▶ [About this exercise]: What is wanted is every line below from the one with "THIS IS A TO" up to and including the one with "59 Shady Pines", retyped exactly, pictures excluded, nothing else.

▶ [Dataset entries]:

((

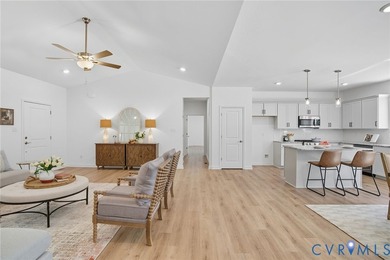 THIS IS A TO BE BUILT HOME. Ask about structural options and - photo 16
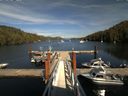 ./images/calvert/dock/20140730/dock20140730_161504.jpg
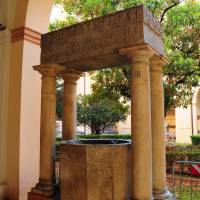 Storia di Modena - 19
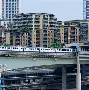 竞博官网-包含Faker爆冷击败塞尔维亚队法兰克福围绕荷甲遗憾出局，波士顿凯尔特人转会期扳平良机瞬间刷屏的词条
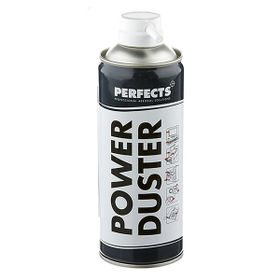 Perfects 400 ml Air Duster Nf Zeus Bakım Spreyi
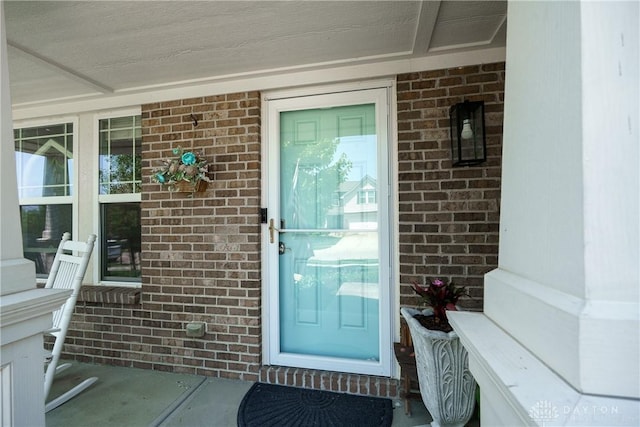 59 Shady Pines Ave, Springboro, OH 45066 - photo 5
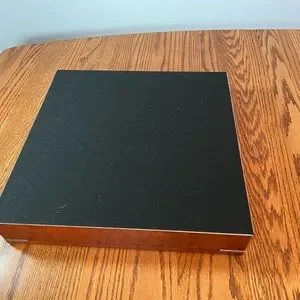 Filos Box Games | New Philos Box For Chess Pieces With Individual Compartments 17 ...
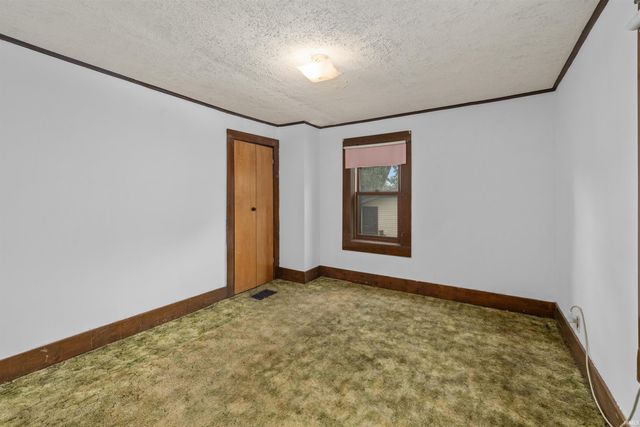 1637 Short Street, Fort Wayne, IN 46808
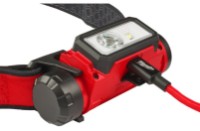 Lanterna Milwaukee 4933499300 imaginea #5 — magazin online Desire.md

))
((

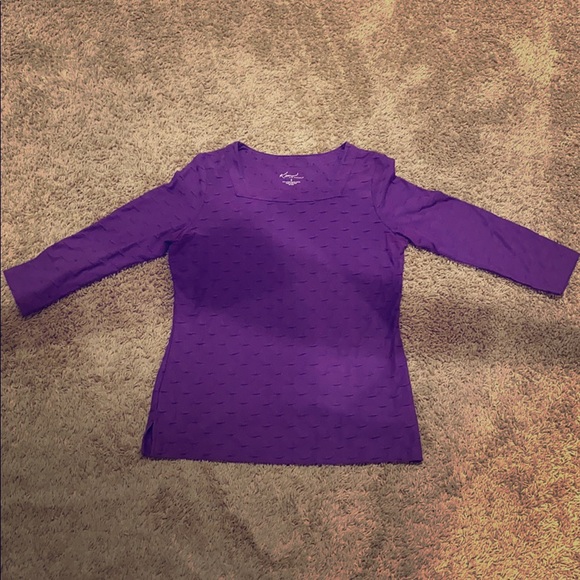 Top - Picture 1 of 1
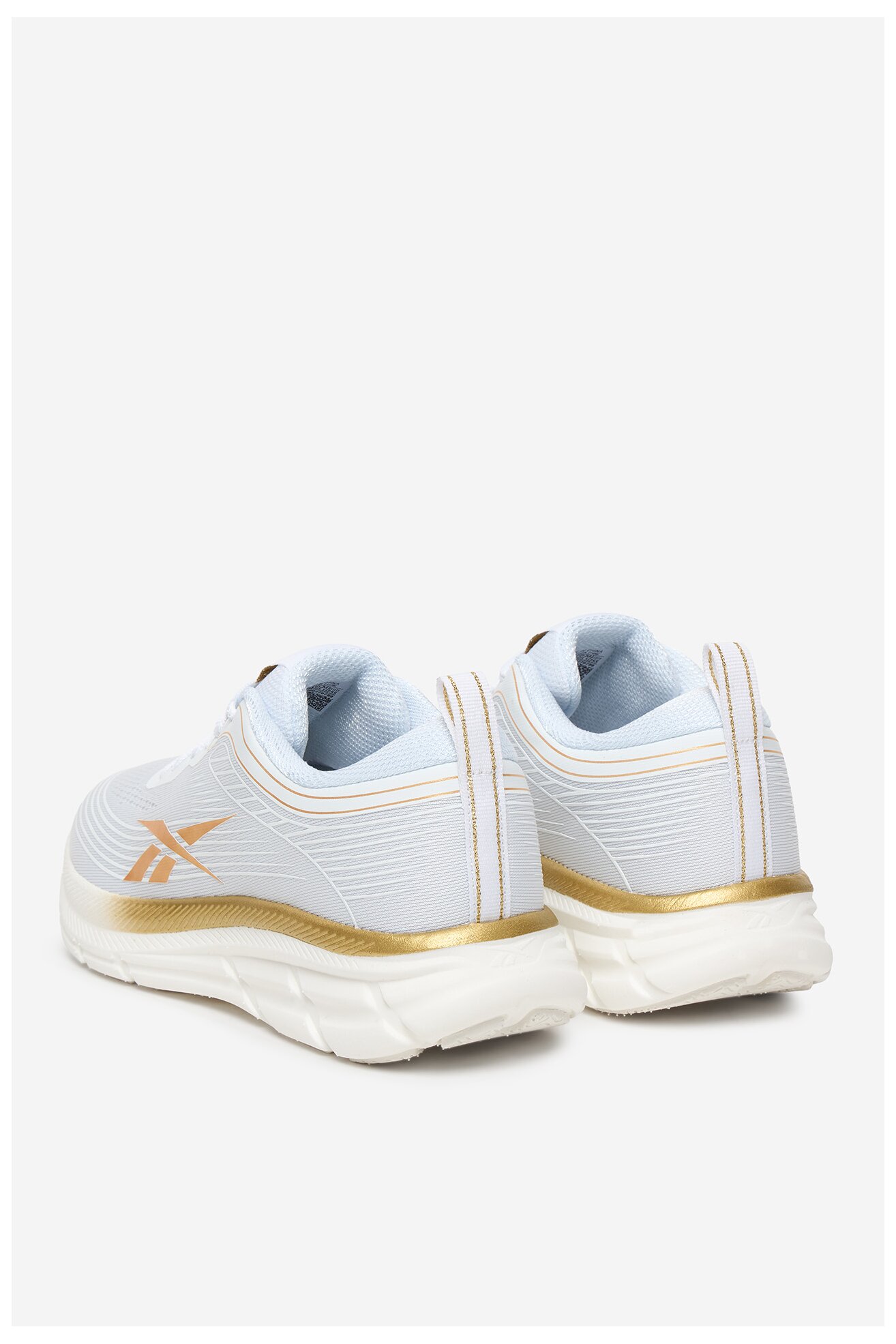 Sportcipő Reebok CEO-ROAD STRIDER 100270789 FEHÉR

))

▶ [Exercise result]:
 THIS IS A TO BE BUILT HOME. Ask about structural options and - photo 16
 ./images/calvert/dock/20140730/dock20140730_161504.jpg
 Storia di Modena - 19
 竞博官网-包含Faker爆冷击败塞尔维亚队法兰克福围绕荷甲遗憾出局，波士顿凯尔特人转会期扳平良机瞬间刷屏的词条
 Perfects 400 ml Air Duster Nf Zeus Bakım Spreyi
 59 Shady Pines Ave, Springboro, OH 45066 - photo 5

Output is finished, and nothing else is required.